### REQUIRED ACTION
Write out every line exactly, from the start of the records below to the line with "Jahutusvedeliku toru OEM", and stop there. Don't write out the pictures.

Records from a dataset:

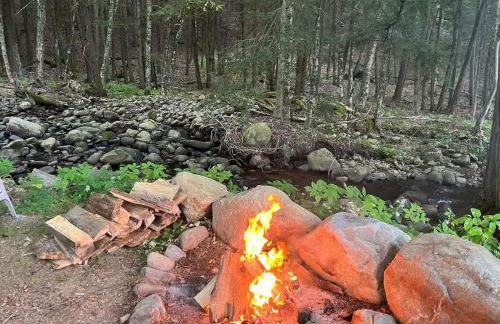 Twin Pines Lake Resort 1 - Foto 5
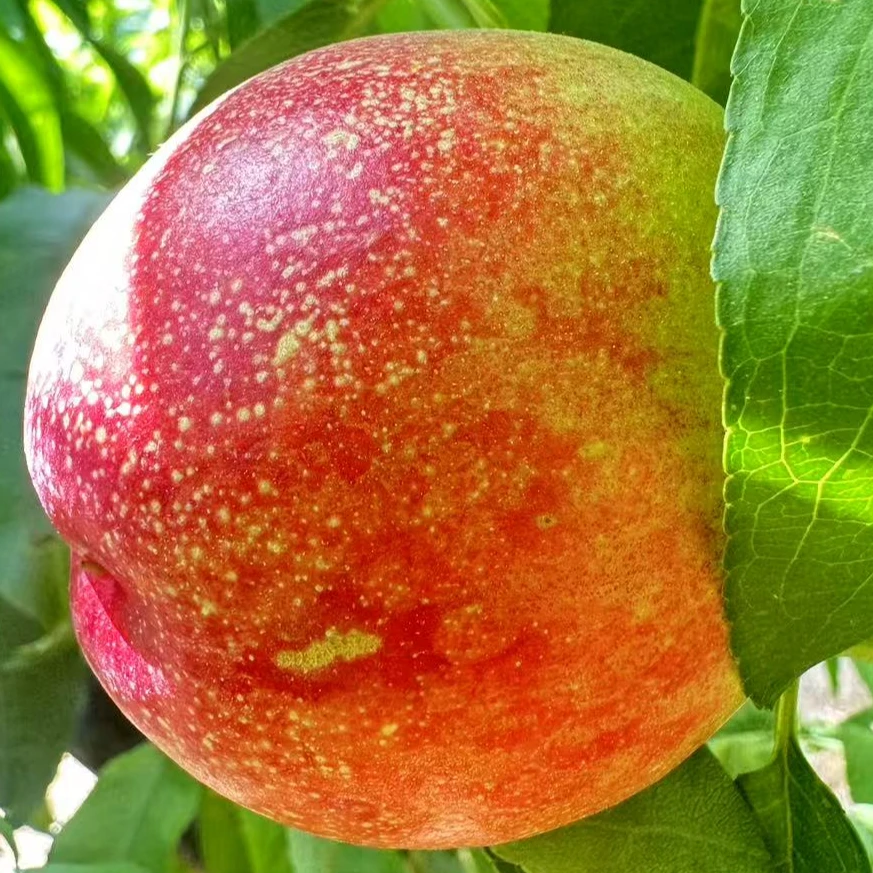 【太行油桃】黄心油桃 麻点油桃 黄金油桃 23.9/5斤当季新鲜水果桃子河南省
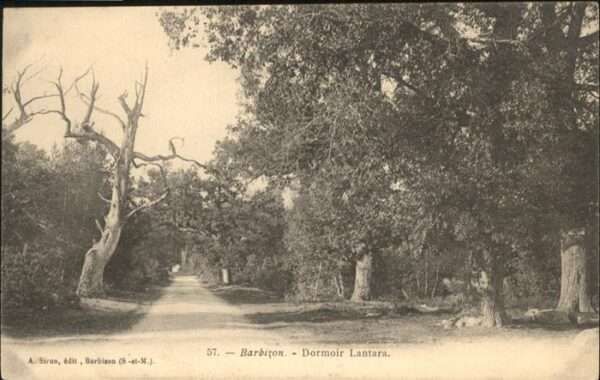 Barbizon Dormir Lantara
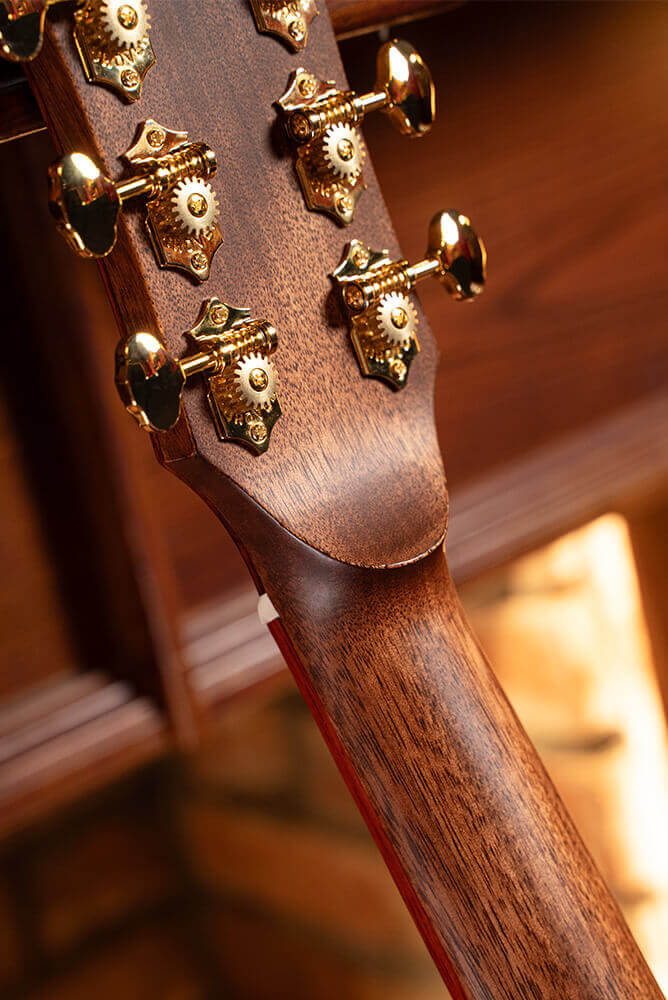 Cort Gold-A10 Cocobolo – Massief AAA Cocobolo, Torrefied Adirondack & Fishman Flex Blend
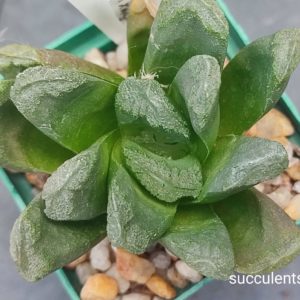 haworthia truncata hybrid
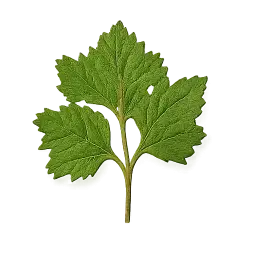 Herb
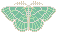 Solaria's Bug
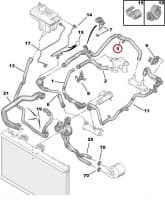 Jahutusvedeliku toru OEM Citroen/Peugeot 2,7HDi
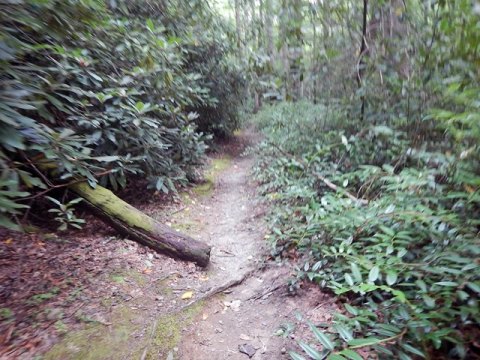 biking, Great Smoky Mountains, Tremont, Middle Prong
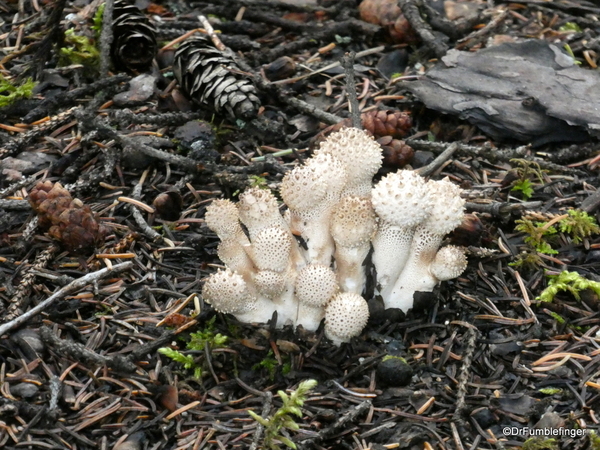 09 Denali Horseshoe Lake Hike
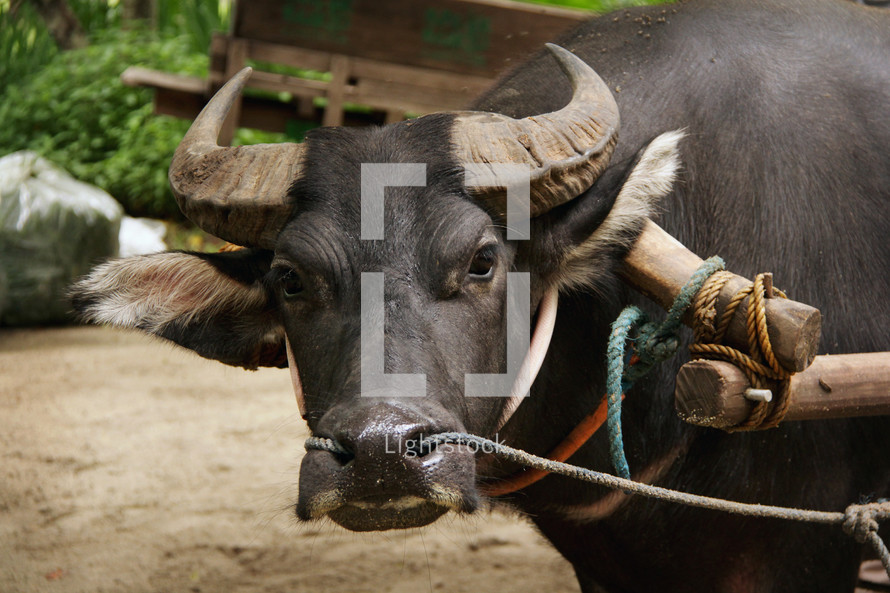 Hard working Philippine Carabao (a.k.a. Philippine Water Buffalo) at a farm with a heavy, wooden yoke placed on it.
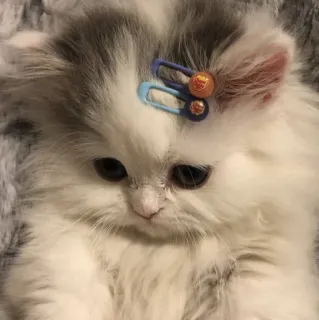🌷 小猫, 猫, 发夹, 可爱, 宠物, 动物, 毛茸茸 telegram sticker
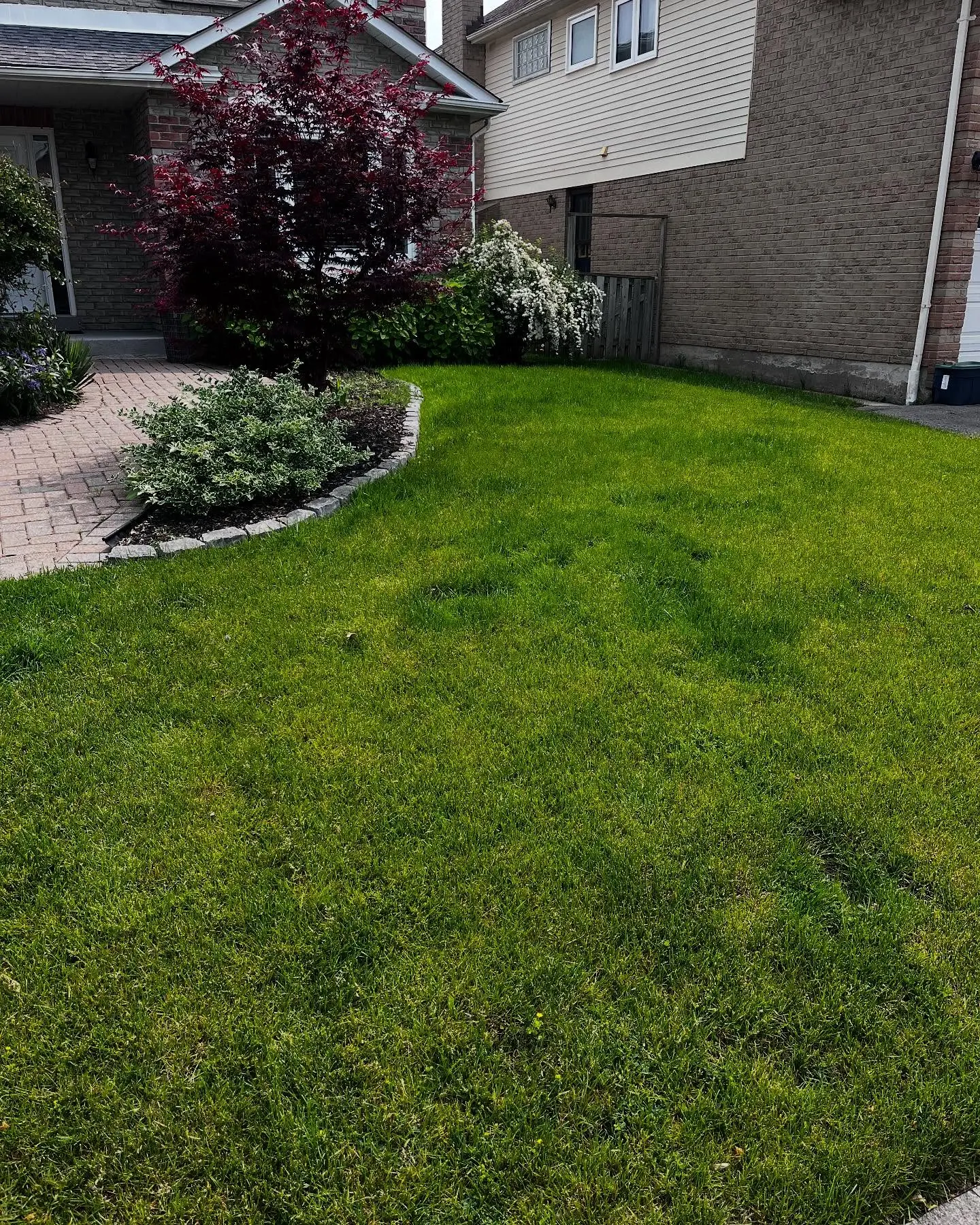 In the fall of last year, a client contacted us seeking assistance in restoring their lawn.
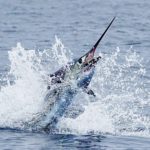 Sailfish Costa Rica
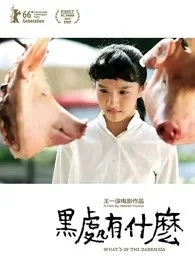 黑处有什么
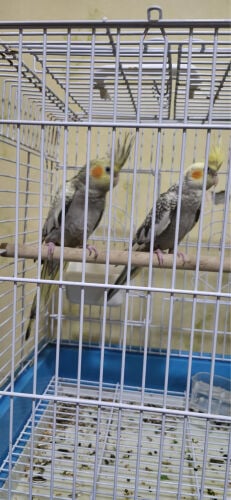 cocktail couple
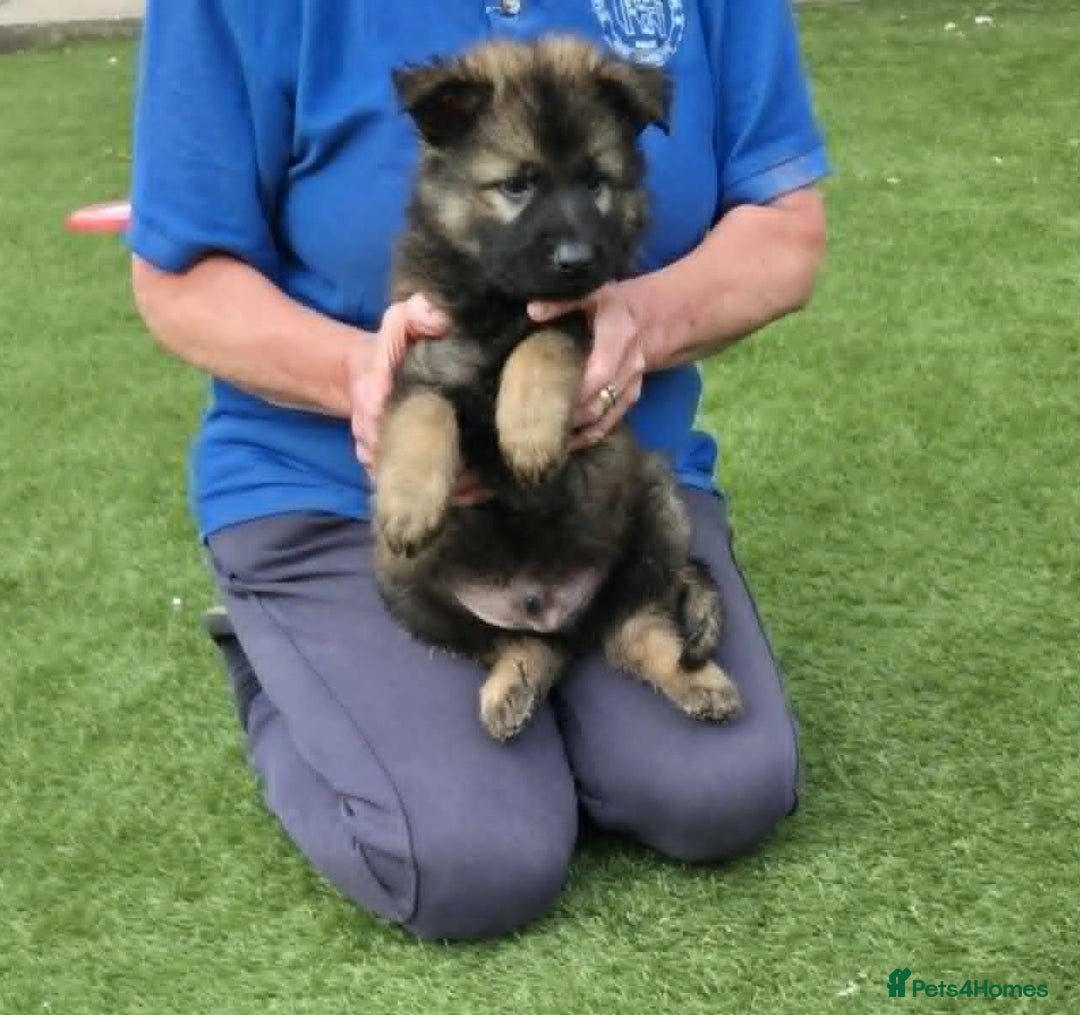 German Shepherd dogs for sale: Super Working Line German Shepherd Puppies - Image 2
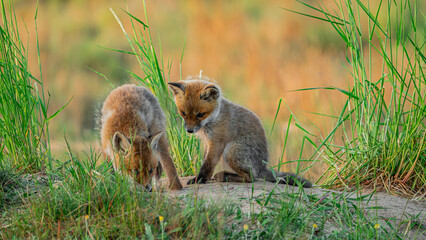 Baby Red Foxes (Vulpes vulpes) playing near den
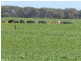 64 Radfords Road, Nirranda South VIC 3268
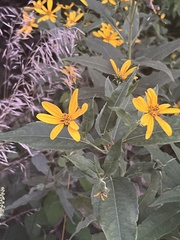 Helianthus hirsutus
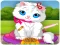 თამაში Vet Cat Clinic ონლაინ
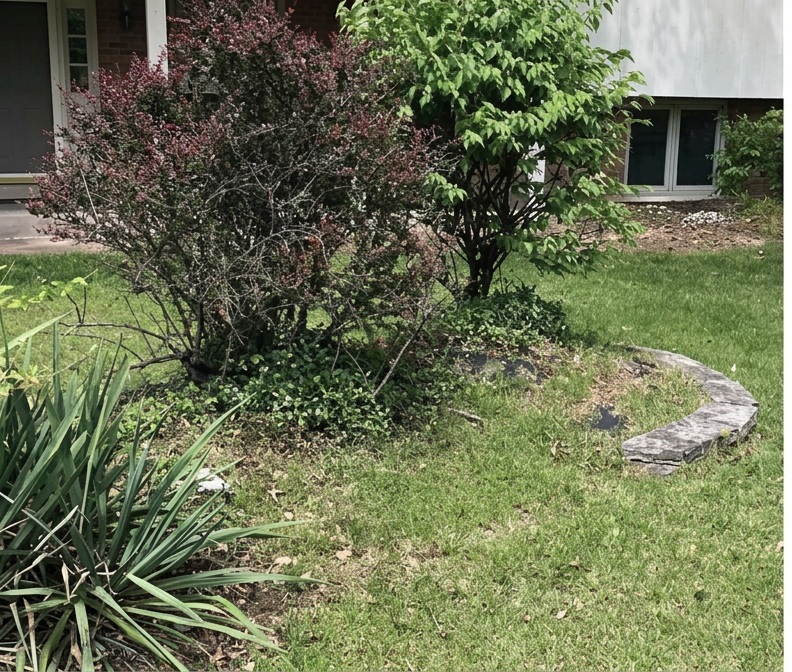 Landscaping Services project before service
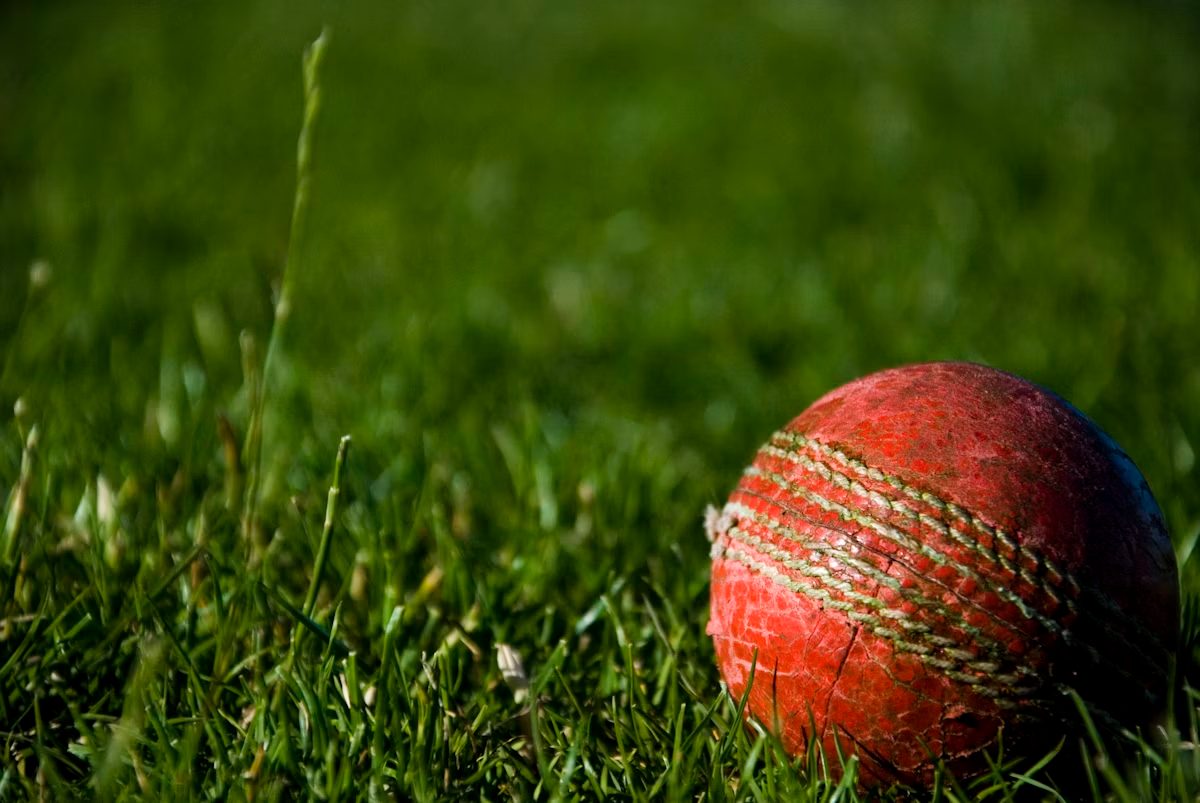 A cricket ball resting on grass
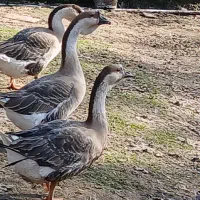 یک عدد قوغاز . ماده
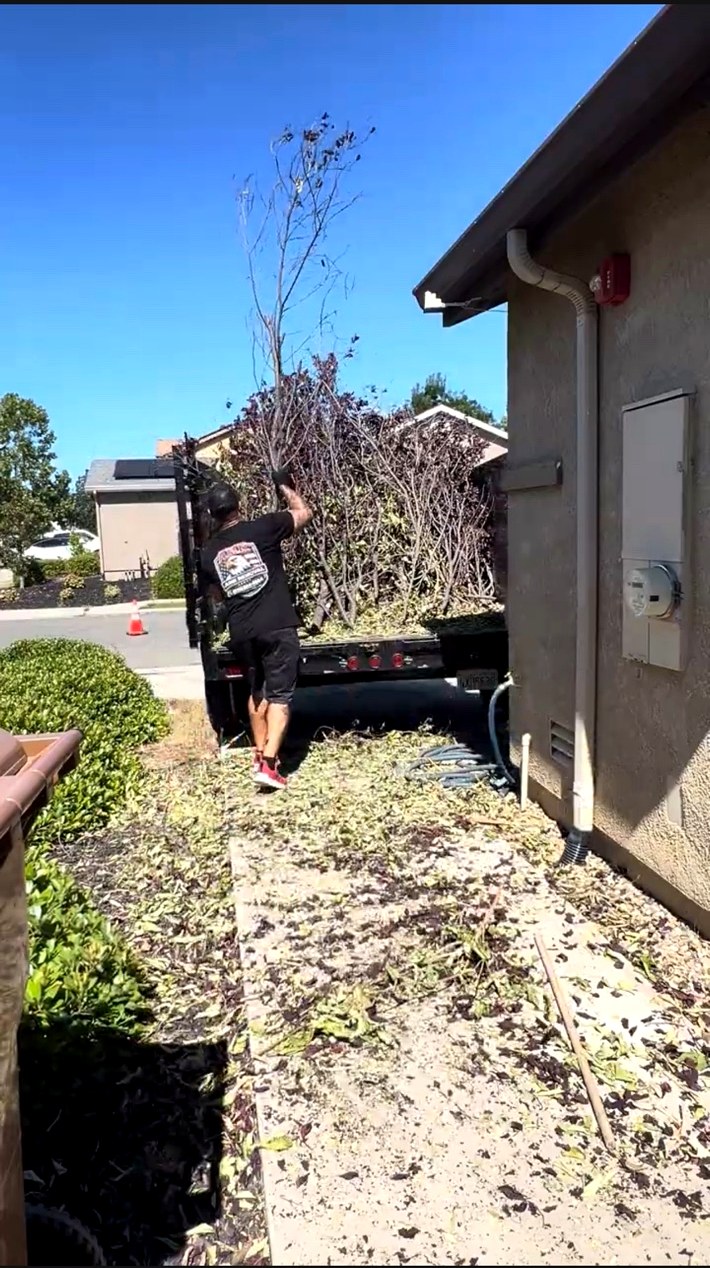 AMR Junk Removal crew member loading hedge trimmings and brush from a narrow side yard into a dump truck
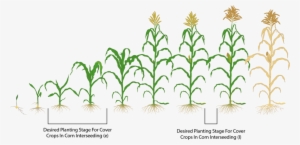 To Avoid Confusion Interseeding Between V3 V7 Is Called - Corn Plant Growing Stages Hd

### EXERCISE RESULT
 Twin Pines Lake Resort 1 - Foto 5
 【太行油桃】黄心油桃 麻点油桃 黄金油桃 23.9/5斤当季新鲜水果桃子河南省
 Barbizon Dormir Lantara
 Cort Gold-A10 Cocobolo – Massief AAA Cocobolo, Torrefied Adirondack & Fishman Flex Blend
 haworthia truncata hybrid
 Herb
 Solaria's Bug
 Jahutusvedeliku toru OEM Citroen/Peugeot 2,7HDi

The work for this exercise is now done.